You only use the phrase "the VC firm as a product" if you believe the firm itself—not its portfolio—is the asset being built. This is public company language. It's what Stephen Schwarzman has said about Blackstone for two decades. It's what Henry Kravis said about KKR before going public. It's the pre-IPO founder mindset.

When a private partnership hires a general partner whose explicit mission is to build the firm as a product, that firm has already crossed a threshold. It is no longer a partnership pretending to be a company. It is a company pretending to be a partnership—because the partnership form remains useful for fundraising optics and LP comfort.

When the firm goes public, this gap disappears.

## The Timeline Question

a16z won't file an S-1 in 2026. The current market backdrop—concentrated AI mega-rounds, with $189 billion deployed in February alone, three firms absorbing the majority—is not the market in which you list a multi-strategy asset manager. You go public when the AI cycle matures, when the growth fund's book value has crystallized into realized returns, and when at least one comparable firm (perhaps General Catalyst) has sell-side coverage.
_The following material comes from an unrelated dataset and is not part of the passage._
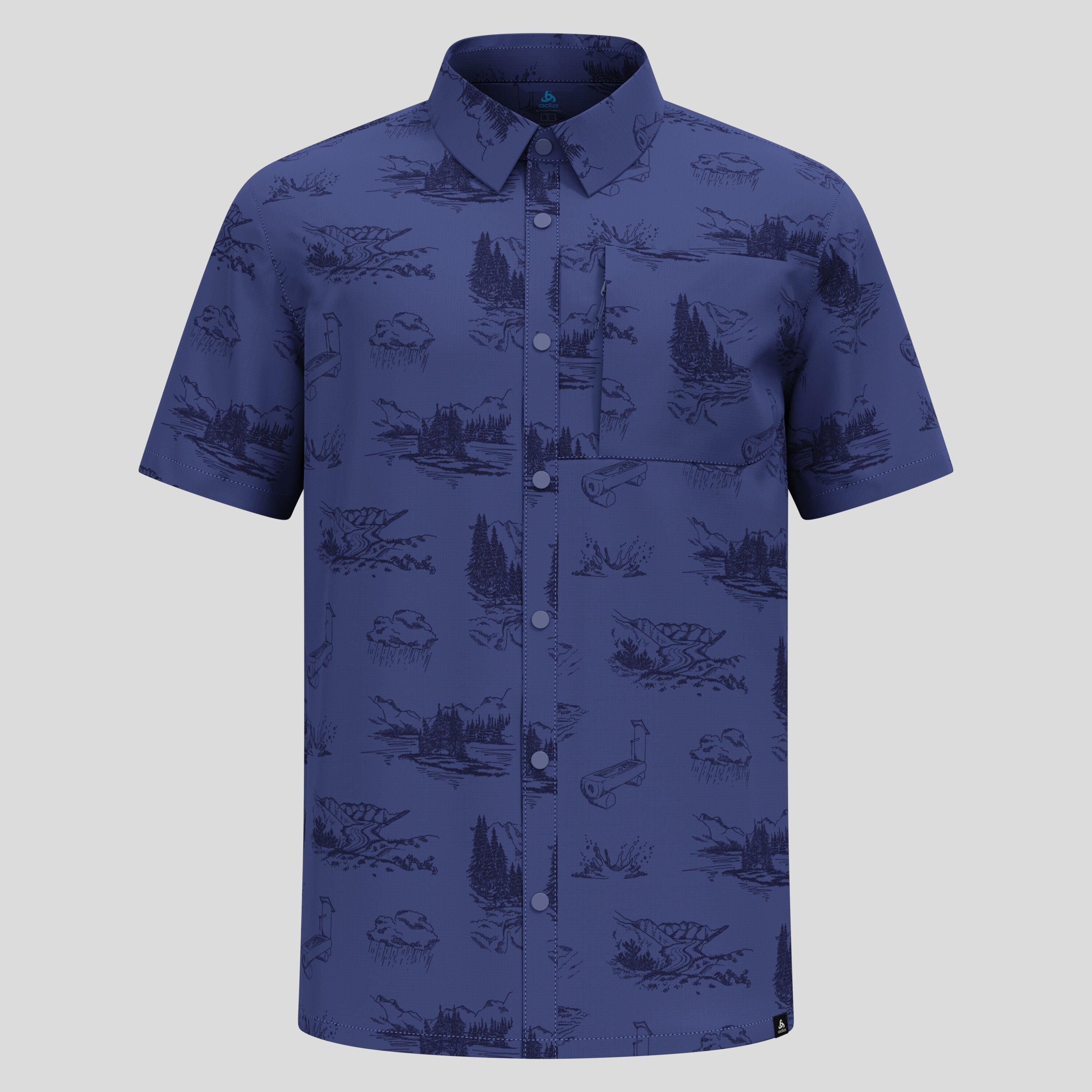 Chemise de randonnée à manches courtes imprimée Essentials ODLO 5/6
But the pre-IPO infrastructure is already in place:

**RIA Status:** Done (2019)

**Multi-Strategy Platform:** Done (January 2026)

**Owned Media:** Done (Future, a16z.news, Turpentine)

**Narrative GP:** Done (Torenberg, Danco, Liang)

**Pre-IPO Storyline:** In progress ("Private and public markets have converged")

**Comparable Precedents:** Blackstone, Apollo, KKR, Carlyle, TPG, and now General Catalyst exploring

The most likely path is 2028-2030, after a clean AI exit cycle, with a base-case valuation comparable to TPG's 2022 IPO market cap of $9 billion, but probably closer to Blackstone's $40 billion first-day valuation in 2007, given a16z's scale and brand premium. The bull case is higher if David George's "converged markets" thesis becomes mainstream institutional consensus.

What This Means for the Rest of the VC Industry

If a16z goes public, the entire industry will follow. General Catalyst is already exploring. Sequoia, Lightspeed, and Founders Fund have all built balance sheet vehicles and permanent capital structures over the past five years. The exempt reporting advisor model that defined VC for four decades is being quietly phased out by firms that intend to outlive their founders.

Firms that don't make this transition will face a different set of problems. They will become price takers on talent, deal flow, and narrative, competing with their newsletters and Twitter accounts against a16z's owned media platform.

This is the second-order effect that no one is pricing in yet. The media buildout isn't about content. It's about owning the distribution layer that competitors will ultimately have to rent from a16z.

In this sense, a16z is already operating as the public company it is becoming. The stock ticker is just the final formality.